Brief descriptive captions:
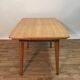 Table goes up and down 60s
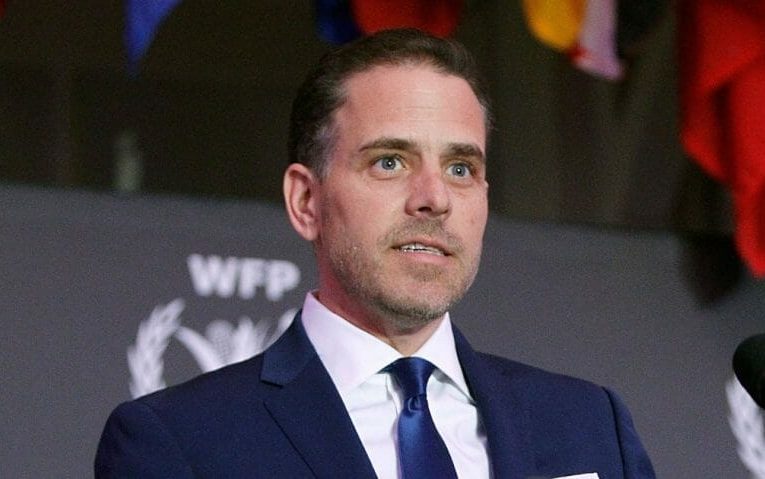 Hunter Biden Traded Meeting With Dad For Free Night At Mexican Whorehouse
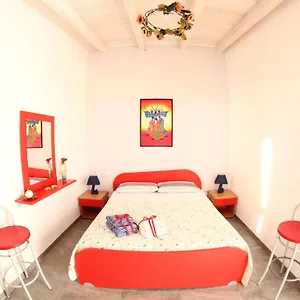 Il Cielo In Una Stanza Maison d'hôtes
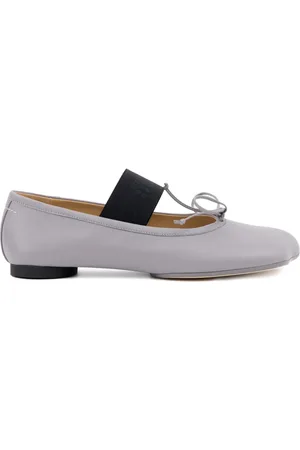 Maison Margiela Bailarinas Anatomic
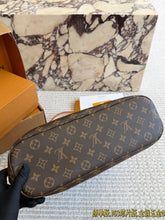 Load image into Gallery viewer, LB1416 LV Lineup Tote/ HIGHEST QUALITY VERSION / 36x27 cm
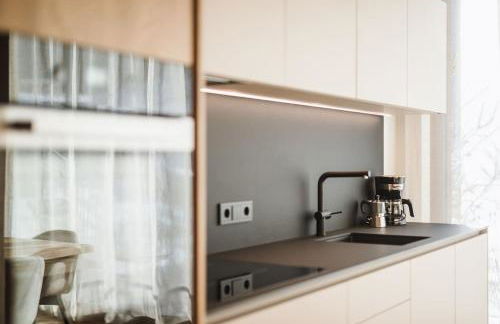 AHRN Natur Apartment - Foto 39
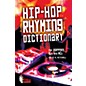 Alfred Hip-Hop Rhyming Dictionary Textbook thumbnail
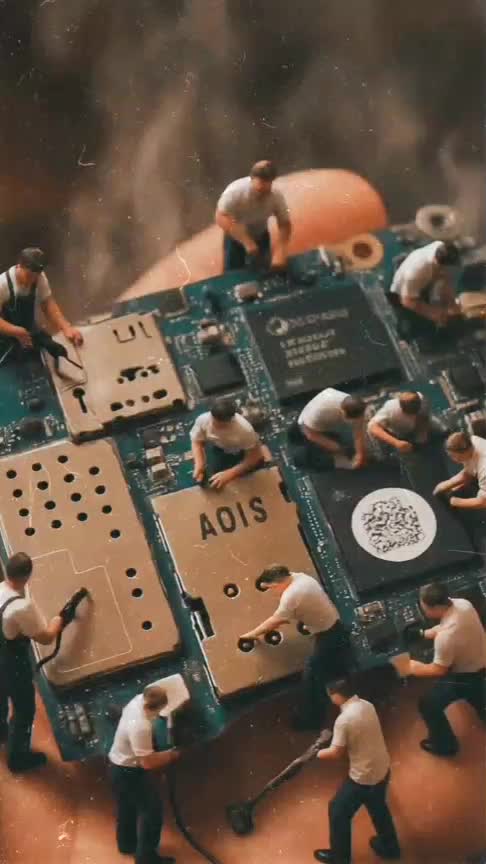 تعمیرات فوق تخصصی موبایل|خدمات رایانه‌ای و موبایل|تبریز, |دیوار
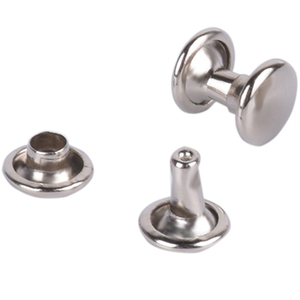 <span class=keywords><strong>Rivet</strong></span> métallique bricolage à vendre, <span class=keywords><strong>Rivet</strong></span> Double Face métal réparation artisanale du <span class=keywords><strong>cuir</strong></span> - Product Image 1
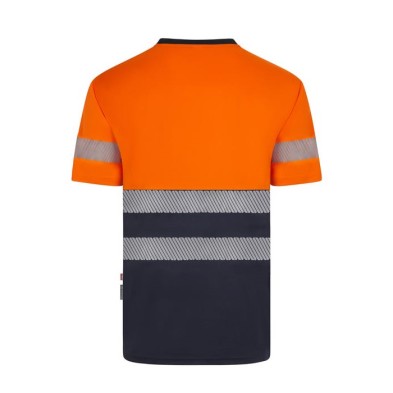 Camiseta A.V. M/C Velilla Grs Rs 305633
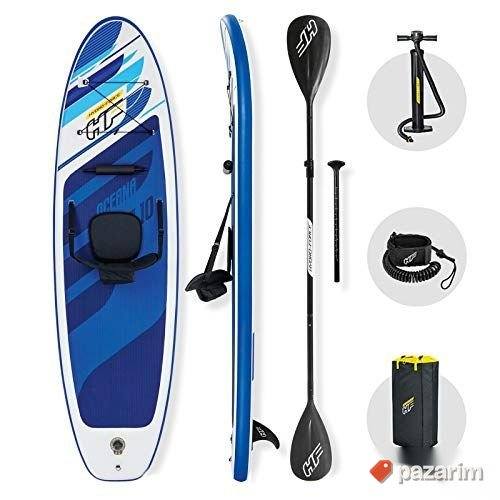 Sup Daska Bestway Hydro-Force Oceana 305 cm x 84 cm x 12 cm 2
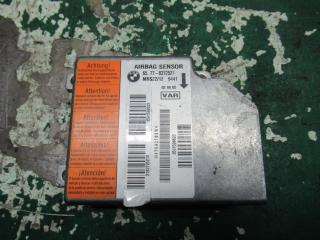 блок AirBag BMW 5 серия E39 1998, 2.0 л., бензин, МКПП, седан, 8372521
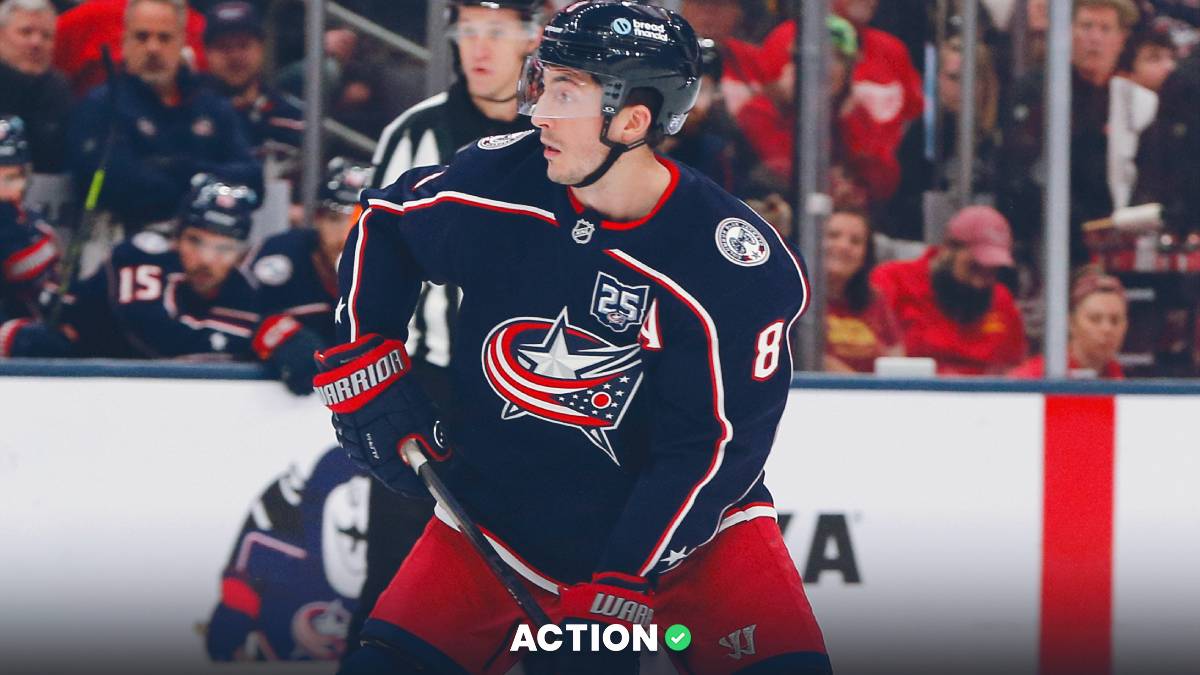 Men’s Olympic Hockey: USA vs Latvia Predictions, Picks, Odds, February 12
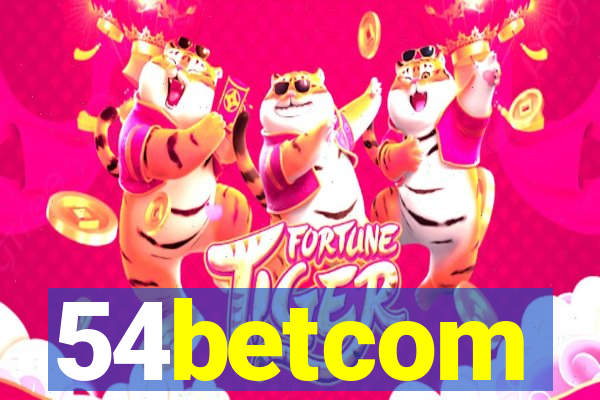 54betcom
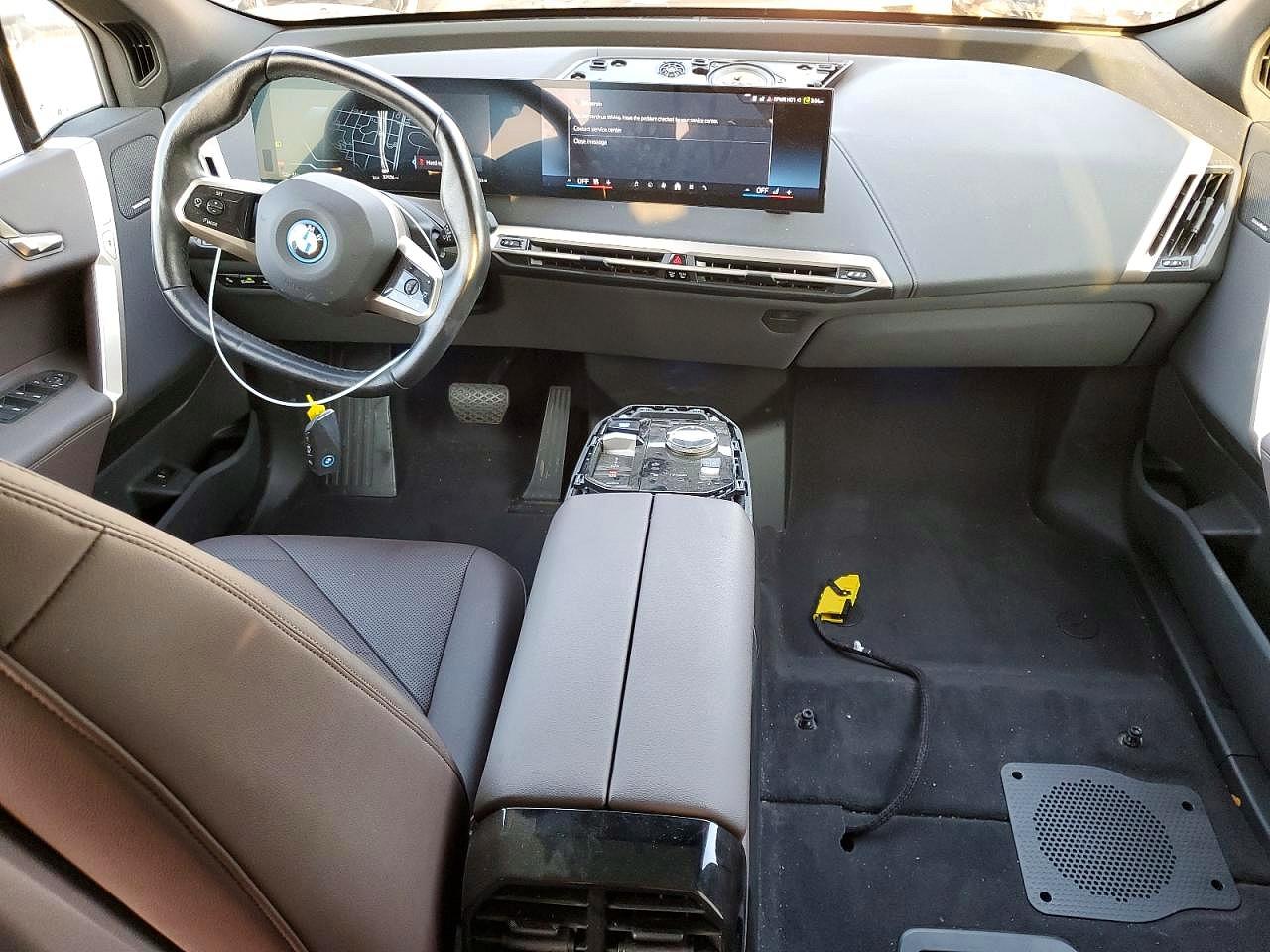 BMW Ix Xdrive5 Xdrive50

What to do:
Render the records above word for word and leave the pictures out.

Solution:
 Table goes up and down 60s
 Hunter Biden Traded Meeting With Dad For Free Night At Mexican Whorehouse
 Il Cielo In Una Stanza Maison d'hôtes
 Maison Margiela Bailarinas Anatomic
 Load image into Gallery viewer, LB1416 LV Lineup Tote/ HIGHEST QUALITY VERSION / 36x27 cm
 AHRN Natur Apartment - Foto 39
 Alfred Hip-Hop Rhyming Dictionary Textbook thumbnail
 تعمیرات فوق تخصصی موبایل|خدمات رایانه‌ای و موبایل|تبریز, |دیوار
 <span class=keywords><strong>Rivet</strong></span> métallique bricolage à vendre, <span class=keywords><strong>Rivet</strong></span> Double Face métal réparation artisanale du <span class=keywords><strong>cuir</strong></span> - Product Image 1
 Camiseta A.V. M/C Velilla Grs Rs 305633
 Sup Daska Bestway Hydro-Force Oceana 305 cm x 84 cm x 12 cm 2
 блок AirBag BMW 5 серия E39 1998, 2.0 л., бензин, МКПП, седан, 8372521
 Men’s Olympic Hockey: USA vs Latvia Predictions, Picks, Odds, February 12
 54betcom
 BMW Ix Xdrive5 Xdrive50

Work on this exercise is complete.